In PUBLIC KEY CRYPTOGRAPHY each user has a private key and a corresponding, related public key. It is computationally feasible to generate the keys together but not feasible to compute the private key given knowledge of the public key. This allows the public key to distributed freely. Anyone can use it to encrypt a message that only the owner of the private key can decrypt.

A major issue with public key cryptography is ensuring that you have the correct public key. An attacker can post a public key claiming to belong to someone else; any message encrypted with it can then be read by the attacker who actually has the corresponding private key.
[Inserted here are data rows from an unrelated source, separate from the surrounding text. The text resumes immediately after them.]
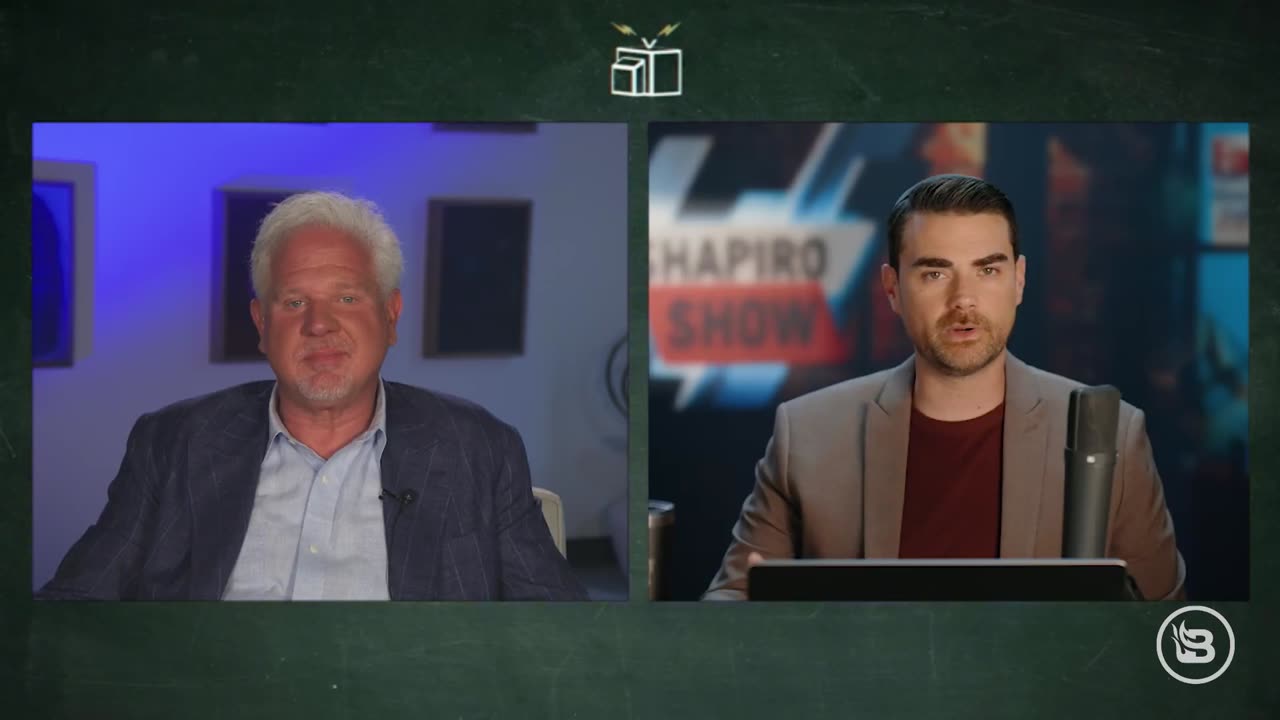 Ben Shapiro Weighs in on Big, Beautiful Bill Debate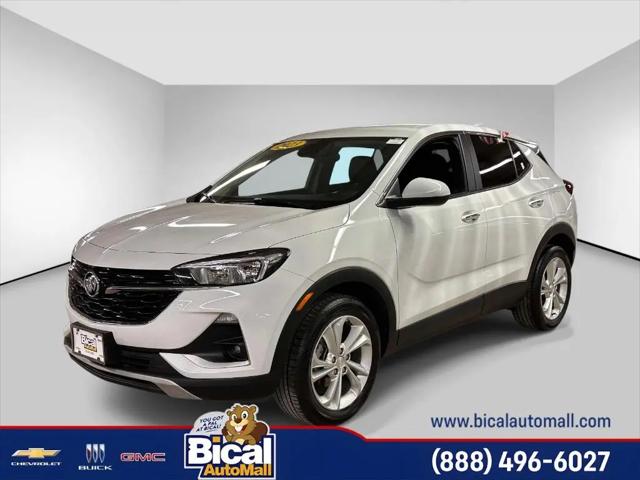 2023 Buick Encore GX Preferred FWD for sale in Brooklyn, NY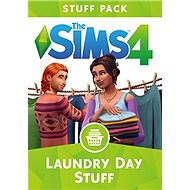 The Sims 4 Pereme (PC) DIGITAL - Gaming-Zubehör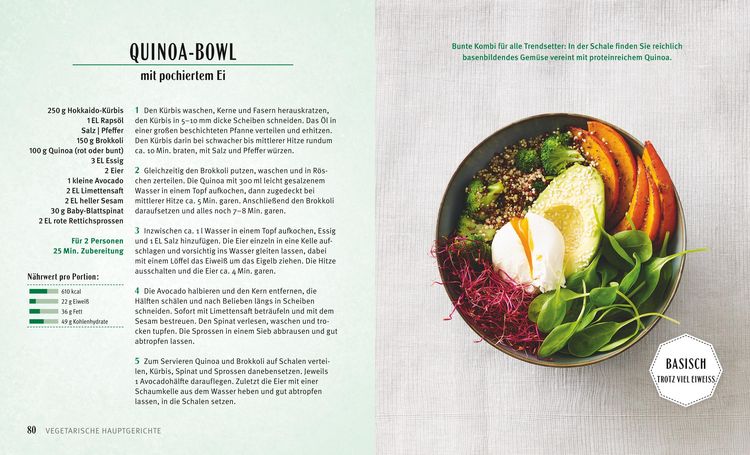 Produktbild: Expresskochen S&auml;ure-Basen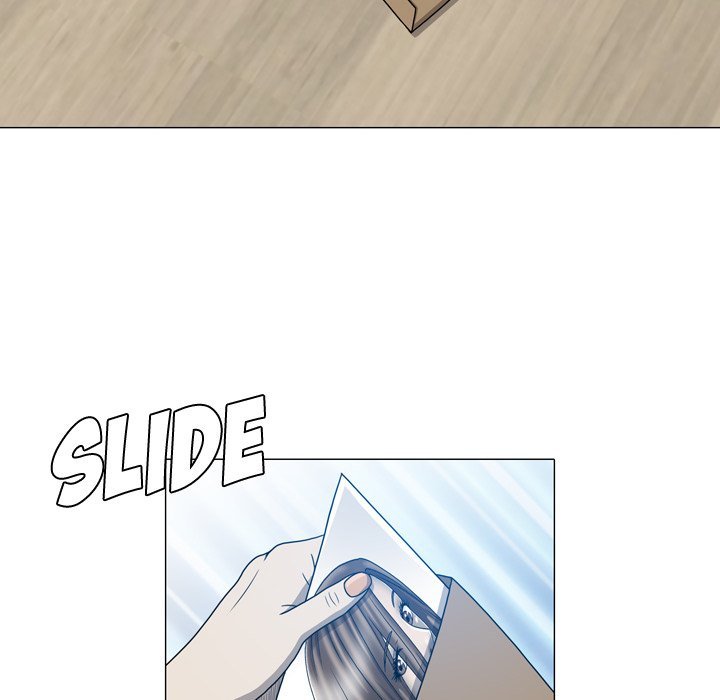 Disfigured Manhwa - Chapter 11 Page 33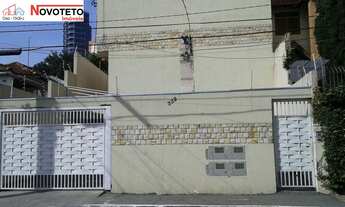 Imagem: Sobrado em condomínio fechado à venda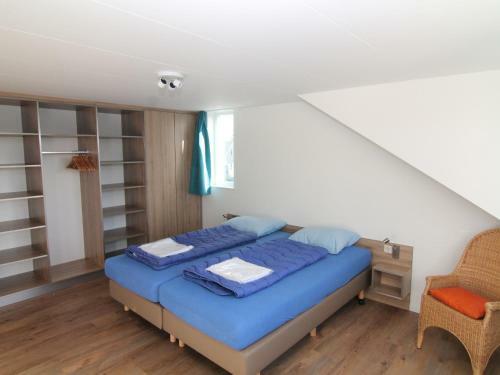 Vakantiepark De Krim Texel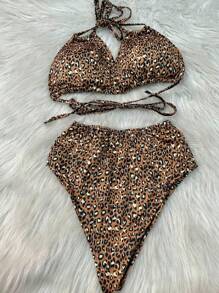 Women Bikini Sets - Nhiều màu - Xem 1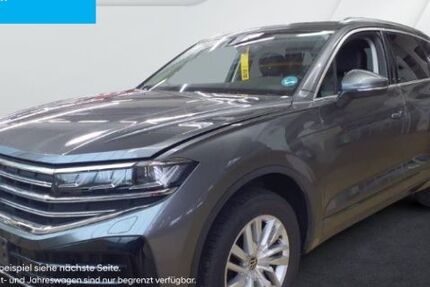VW Touareg 24.773 km 54.690 &euro; Essen 45307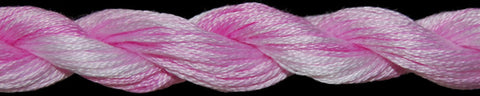 Threadworx Overdyed Cotton Floss 11351 Cotton Candy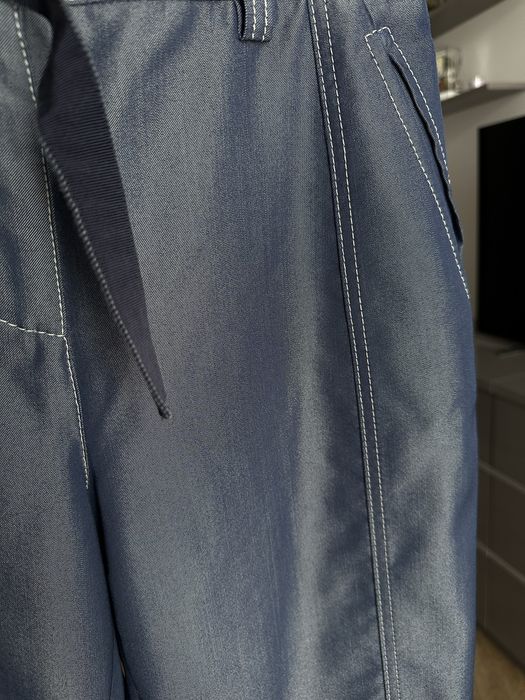 Giorgio Armani брюки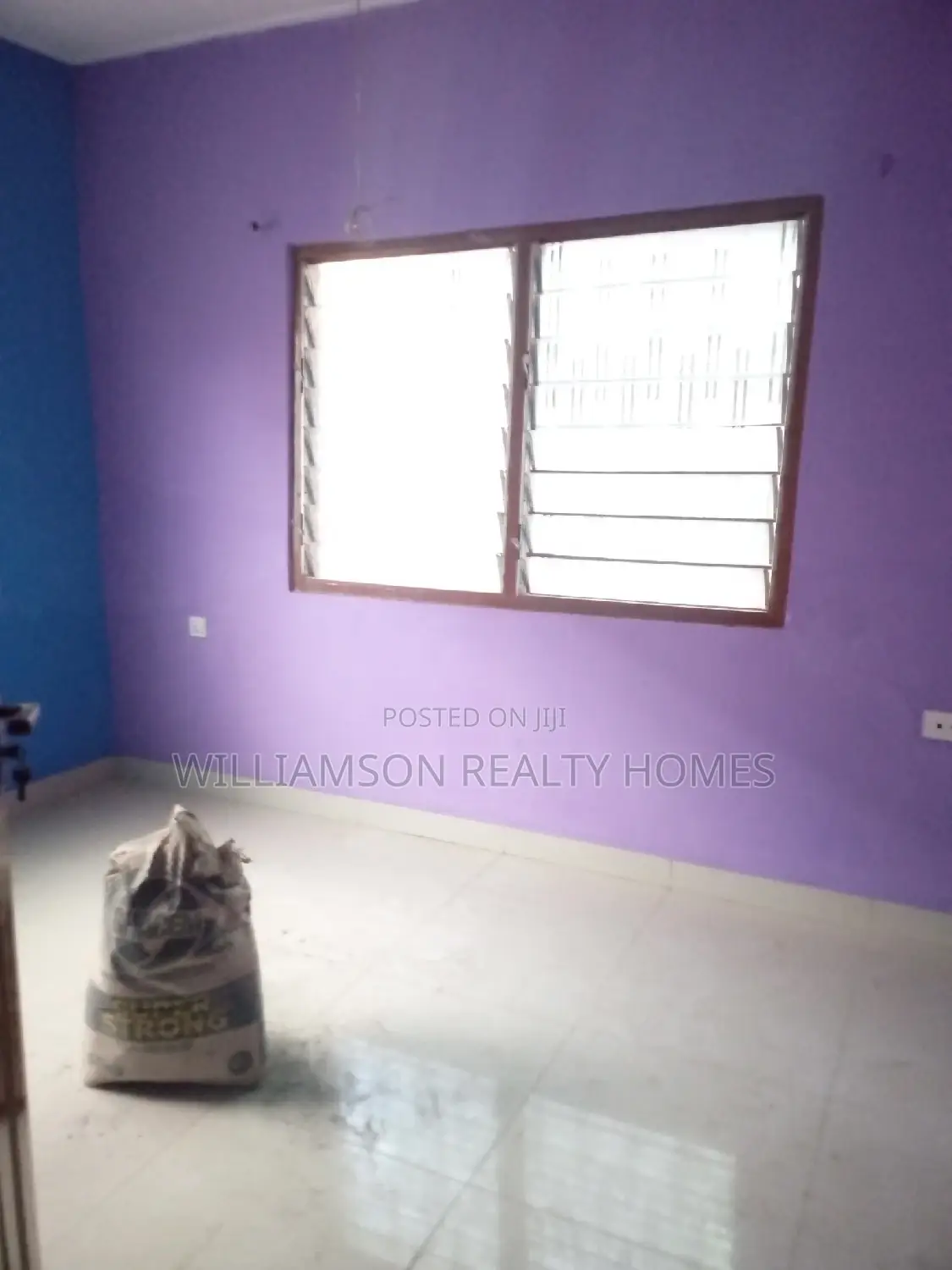 2bdrm House in Community 18, Spintex for rent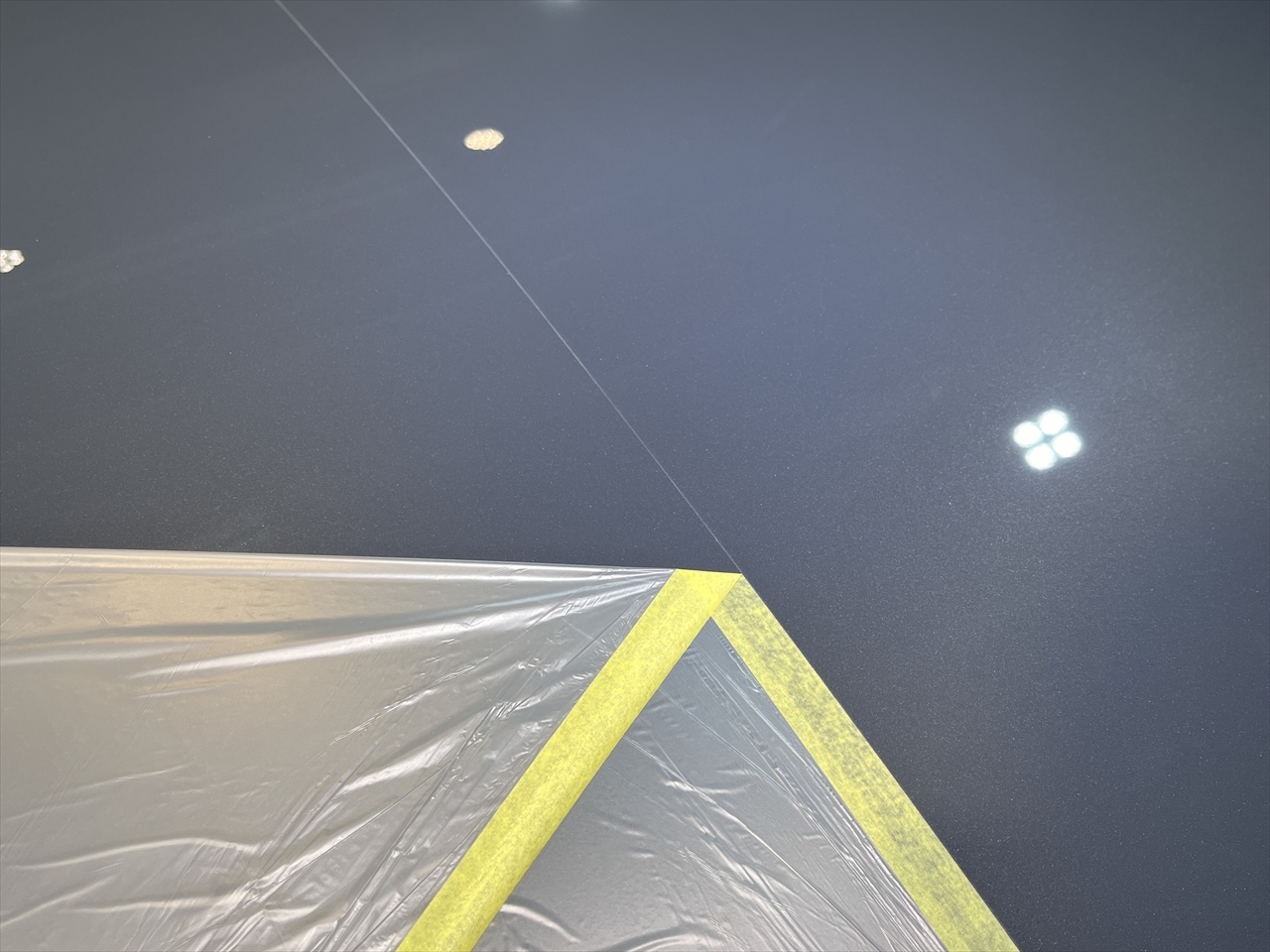 カーコーティング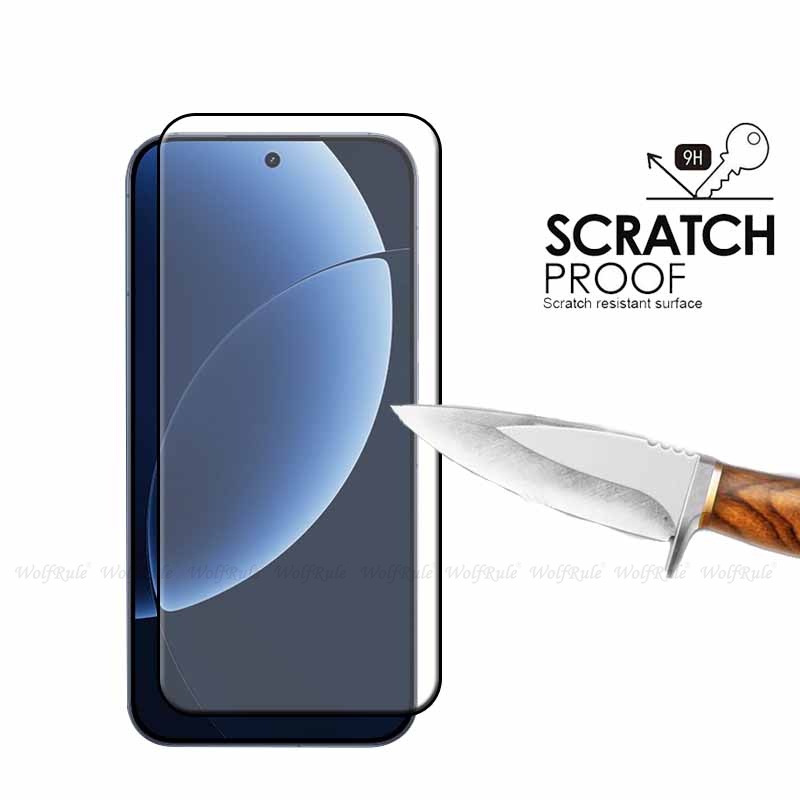 6-in-1 For Realme GT 8 Pro Gla - Realme Gt 6 ulasan dan harga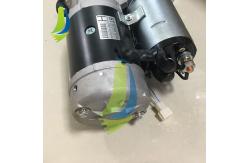China 600-813-3610 Starter For PC400-7 Excavator 6008136310 High Quality supplier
In real life this problem is addressed by "certifying" public keys... having them digitally signed by a "certificate authority" who is trusted to only endorse (sign) public keys that are truly controlled by the entity to which they are associated.
The key sizes of public key algorithms can't be compared with the key sizes of symmetric algorithms. Public key cryptography relies on "hard" mathematical problems and the keys need to be large enough to make solving the underlying problem infeasible. How large this is depends on the underlying problem.

The three main public key algorithms in use today are RSA (which relies on the difficulty of factoring huge numbers), ElGamal (which relies on the difficulty of computing discrete logarithms in large, finite fields), and Elliptic Curve Cryptography (which relies on the difficulty of computing discrete logarithms in fields based on elliptic curves). All three of these algorithms are much slower than the symmetric key algorithms (typically hundreds of times slower). Also, the required key sizes are much larger. Notably ECC methods are faster and use smaller keys than the other two approaches. Elliptic curve cryptography is thus very popular now.
As a result of the slowness of public key methods, most uses of public key cryptography entail one principal generating a random SESSION KEY for a suitable symmetric algorithm and then using the public key of the recipient to encrypt just the session key. The bulk data communicated is then encrypted with the session key. This uses the public key algorithm on a small object (the session key) and lets the large data set be handled by the much faster symmetric algorithm.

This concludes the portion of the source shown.